By 1949, Hyde was infatuated with Marilyn Monroe, who at 23 was barely a year older than his nephew. During their two-year relationship, Hyde secured her important roles in The Asphalt Jungle and All About Eve, and a long-term contract at Twentieth Century Fox.

A copy of Marilyn’s original William Morris Agency contract, recently sold at Julien’s Auctions for $7,680, included a covering letter signed by Norman Brokaw. In an article for Huffington Post, Brokaw’s son Joel recalled, “There were lots of wonderful memories he shared with me about his family, his uncle Johnny Hyde and Marilyn Monroe (including the time that he got screamed at when he was about to sit on their sofa and crush the plaster model of her new chin.)” If true, this story may add some credence to the longstanding rumour that Marilyn underwent minor cosmetic surgery at this time.

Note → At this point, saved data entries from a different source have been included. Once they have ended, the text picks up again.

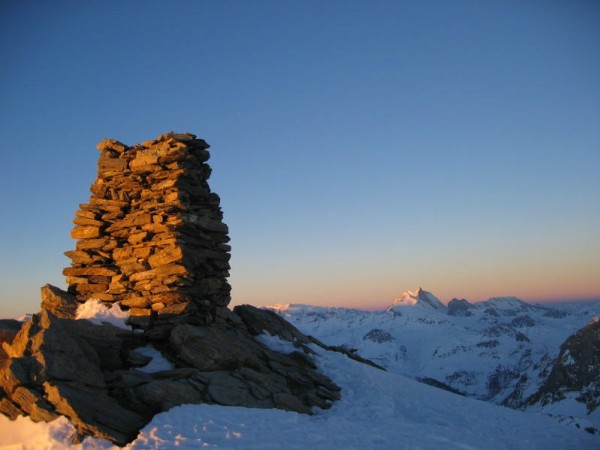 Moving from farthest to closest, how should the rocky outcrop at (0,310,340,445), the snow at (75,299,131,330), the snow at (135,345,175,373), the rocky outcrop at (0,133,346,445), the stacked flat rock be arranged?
1. the stacked flat rock
2. the snow at (75,299,131,330)
3. the snow at (135,345,175,373)
4. the rocky outcrop at (0,133,346,445)
5. the rocky outcrop at (0,310,340,445)

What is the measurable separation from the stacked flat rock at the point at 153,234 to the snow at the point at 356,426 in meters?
8.26

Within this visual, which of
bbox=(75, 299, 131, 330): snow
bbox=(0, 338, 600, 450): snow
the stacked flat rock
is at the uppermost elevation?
the stacked flat rock

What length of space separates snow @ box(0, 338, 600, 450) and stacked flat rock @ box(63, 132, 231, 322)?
27.1 feet

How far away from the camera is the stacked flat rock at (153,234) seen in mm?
24969

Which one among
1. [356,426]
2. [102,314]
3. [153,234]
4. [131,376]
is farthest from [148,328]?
[356,426]

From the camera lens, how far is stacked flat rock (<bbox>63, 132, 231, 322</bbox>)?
24969 millimetres

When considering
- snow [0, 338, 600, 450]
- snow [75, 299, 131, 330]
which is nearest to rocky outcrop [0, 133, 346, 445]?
snow [75, 299, 131, 330]

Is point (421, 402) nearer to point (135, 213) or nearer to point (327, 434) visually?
point (327, 434)

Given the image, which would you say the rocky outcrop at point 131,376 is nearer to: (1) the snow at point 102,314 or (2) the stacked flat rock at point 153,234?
(1) the snow at point 102,314

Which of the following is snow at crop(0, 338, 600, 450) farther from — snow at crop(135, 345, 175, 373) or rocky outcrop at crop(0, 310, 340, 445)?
snow at crop(135, 345, 175, 373)

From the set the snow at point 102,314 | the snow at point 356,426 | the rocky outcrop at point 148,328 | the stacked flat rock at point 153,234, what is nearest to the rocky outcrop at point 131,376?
the rocky outcrop at point 148,328

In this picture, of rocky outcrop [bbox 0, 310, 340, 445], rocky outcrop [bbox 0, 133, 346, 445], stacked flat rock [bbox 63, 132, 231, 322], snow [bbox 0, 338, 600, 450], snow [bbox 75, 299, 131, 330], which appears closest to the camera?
snow [bbox 0, 338, 600, 450]

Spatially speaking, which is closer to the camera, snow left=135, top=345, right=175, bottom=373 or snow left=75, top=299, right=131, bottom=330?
snow left=135, top=345, right=175, bottom=373

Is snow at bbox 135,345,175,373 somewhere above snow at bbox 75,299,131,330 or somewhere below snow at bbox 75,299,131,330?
below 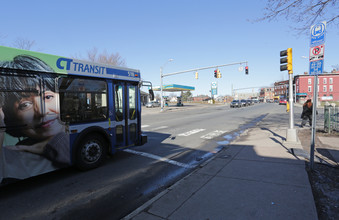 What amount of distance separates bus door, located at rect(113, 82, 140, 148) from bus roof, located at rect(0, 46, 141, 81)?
0.33 m

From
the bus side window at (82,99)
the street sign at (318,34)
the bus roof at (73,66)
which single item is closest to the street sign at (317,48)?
the street sign at (318,34)

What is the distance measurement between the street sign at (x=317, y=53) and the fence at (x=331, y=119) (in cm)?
654

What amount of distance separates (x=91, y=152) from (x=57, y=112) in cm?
141

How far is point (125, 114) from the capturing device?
6.51 metres

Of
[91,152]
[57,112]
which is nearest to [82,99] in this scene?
[57,112]

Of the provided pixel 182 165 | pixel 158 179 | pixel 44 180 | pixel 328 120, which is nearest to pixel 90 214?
pixel 158 179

When Hyde died of a heart attack in December 1950, Marilyn was bereft. According to J. Randy Taraborrelli, author of The Secret Life of Marilyn Monroe, Brokaw accompanied Marilyn to Cedars of Lebanon Hospital in Los Angeles, but his uncle passed away before their arrival. (However, there are several competing versions of this story.)

Marilyn with Johnny Hyde (1950)
Marilyn with Johnny Hyde (1950)

Marilyn’s next serious romance, with baseball hero Joe DiMaggio, began in 1952. According to Taraborrelli, the couple first met two years earlier, when Brokaw arranged for her to play a walk-on part in Lights, Camera, Action, an NBC variety show. (If this was the case, the footage may not have survived as it is not documented elsewhere. But Marilyn did film a TV commercial during the same period, so she wasn’t entirely unaccustomed  to the small screen.) After filming, she and Brokaw dined at the famous Brown Derby restaurant, where I Love Lucy star William Frawley asked if he could introduce her to his pal, Joe DiMaggio.

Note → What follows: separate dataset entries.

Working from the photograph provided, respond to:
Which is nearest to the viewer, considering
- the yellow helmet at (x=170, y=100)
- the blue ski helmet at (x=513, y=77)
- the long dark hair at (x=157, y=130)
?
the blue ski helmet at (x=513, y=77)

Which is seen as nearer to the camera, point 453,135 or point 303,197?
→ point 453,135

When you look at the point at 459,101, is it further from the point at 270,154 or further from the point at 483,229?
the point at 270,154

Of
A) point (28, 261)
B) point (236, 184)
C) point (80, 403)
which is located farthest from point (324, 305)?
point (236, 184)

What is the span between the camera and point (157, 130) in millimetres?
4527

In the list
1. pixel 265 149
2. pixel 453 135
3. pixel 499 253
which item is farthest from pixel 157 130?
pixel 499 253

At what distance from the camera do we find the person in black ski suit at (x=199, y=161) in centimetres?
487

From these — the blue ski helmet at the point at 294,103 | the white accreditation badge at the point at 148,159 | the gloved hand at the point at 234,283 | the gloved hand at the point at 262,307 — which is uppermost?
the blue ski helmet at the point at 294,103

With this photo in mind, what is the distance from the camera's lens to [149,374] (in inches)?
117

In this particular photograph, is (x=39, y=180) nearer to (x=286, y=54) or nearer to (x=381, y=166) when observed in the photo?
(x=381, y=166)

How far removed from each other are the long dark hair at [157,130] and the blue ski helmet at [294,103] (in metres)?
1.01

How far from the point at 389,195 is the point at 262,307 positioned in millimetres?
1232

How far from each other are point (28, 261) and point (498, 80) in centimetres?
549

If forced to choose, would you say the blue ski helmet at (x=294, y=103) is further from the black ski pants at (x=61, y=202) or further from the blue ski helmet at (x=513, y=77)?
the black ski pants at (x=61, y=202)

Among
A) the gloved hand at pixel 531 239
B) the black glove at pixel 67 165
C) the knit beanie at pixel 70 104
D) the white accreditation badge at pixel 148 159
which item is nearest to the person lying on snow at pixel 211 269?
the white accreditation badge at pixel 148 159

As they left the restaurant, Norman and Marilyn approached the ‘bashful’ sportsman. At the time, she was one of the few Americans who had never heard of DiMaggio. The next morning, Brokaw said, Joe called him and asked for Marilyn’s phone number – although whether he had the courage to follow through is unknown.

After a much-publicised courtship, Joe and Marilyn tied the knot in 1954. Taraborrelli writes that early on in their brief, tempestuous marriage, a worried Joe called Brokaw, and they met for drinks at the Polo Lounge of the Beverly Hills Hotel. When Joe explained that he wanted Marilyn to stop making films, Norman replied, “She’s not going to give up her career any more than you would have before you were ready to do it.” (Joe later sought advice from other Hollywood friends, including Sidney Skolsky, and would remain close to Marilyn long after their divorce.)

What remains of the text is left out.